We often hold onto people in our minds exactly as they were the last time we saw them. There’s no drift, no slow emotional fade. The connection stays frozen in place, waiting to be picked up. To us, it feels natural. It feels right. We step in exactly where we left off, with the same energy, the same jokes, the same closeness.
For example, you might run into an old school friend at the shops. While they’ve changed jobs, moved house and made new friends, your brain brings back the exact way it felt when you used to sit next to them at lunch. You’re excited to see them. You ask how they’ve been, maybe even suggest catching up like it’s something you’ve both been looking forward to. But they hesitate. They’re polite but distant. It hits you, they haven’t thought about you in years.
Or maybe you reconnect with a family member after a long time. You still feel the bond you always had, like nothing’s changed. But they’ve had major life events, new routines, and different priorities. You still feel close, but they feel far away. You don’t understand why they’re acting differently, and they don’t understand why you’re acting like it’s all still the same.
This isn’t about rejection sensitivity or overthinking. It’s about the way our brains store and revisit relationships. We don’t always move forward in the same way. Emotional memory stays vivid. Unfinished conversations still feel open. People we haven’t seen in years still feel important.
But when we try to reconnect like no time has passed, and realise it has for them, it can feel like a sudden drop. We wonder, was I the only one who cared? Was the connection only real for me?
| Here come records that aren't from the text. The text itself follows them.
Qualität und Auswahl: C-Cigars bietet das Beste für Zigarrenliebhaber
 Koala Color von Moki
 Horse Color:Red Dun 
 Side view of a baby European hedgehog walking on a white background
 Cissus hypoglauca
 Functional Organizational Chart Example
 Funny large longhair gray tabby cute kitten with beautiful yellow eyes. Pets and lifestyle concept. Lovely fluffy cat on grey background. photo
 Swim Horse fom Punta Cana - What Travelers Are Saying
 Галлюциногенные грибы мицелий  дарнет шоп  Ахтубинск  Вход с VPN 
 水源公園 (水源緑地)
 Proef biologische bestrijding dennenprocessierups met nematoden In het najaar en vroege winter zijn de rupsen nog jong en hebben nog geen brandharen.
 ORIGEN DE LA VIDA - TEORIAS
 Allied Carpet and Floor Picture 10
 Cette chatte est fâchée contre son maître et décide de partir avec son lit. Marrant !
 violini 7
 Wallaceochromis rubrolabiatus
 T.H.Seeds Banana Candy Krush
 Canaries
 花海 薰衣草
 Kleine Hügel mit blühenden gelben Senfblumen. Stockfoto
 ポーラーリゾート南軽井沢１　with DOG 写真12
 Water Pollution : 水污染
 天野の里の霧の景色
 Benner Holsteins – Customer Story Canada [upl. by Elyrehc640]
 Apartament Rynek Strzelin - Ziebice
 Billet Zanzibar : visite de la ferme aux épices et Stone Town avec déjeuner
This is one of those quiet, often unspoken parts of being neurodivergent. The way we love, remember and reconnect doesn’t always match the social expectations around us. And it can leave us feeling exposed.
If you’ve ever felt like time stands still between relationships, or like others outgrow the bond while you’re still holding onto it, that’s valid. And if someone hasn’t thought about you the way you’ve thought about them, that doesn’t make your connection less real. It just means your mind holds people differently.
It’s something we rarely talk about, but maybe we should, because it hurts when time finally catches up.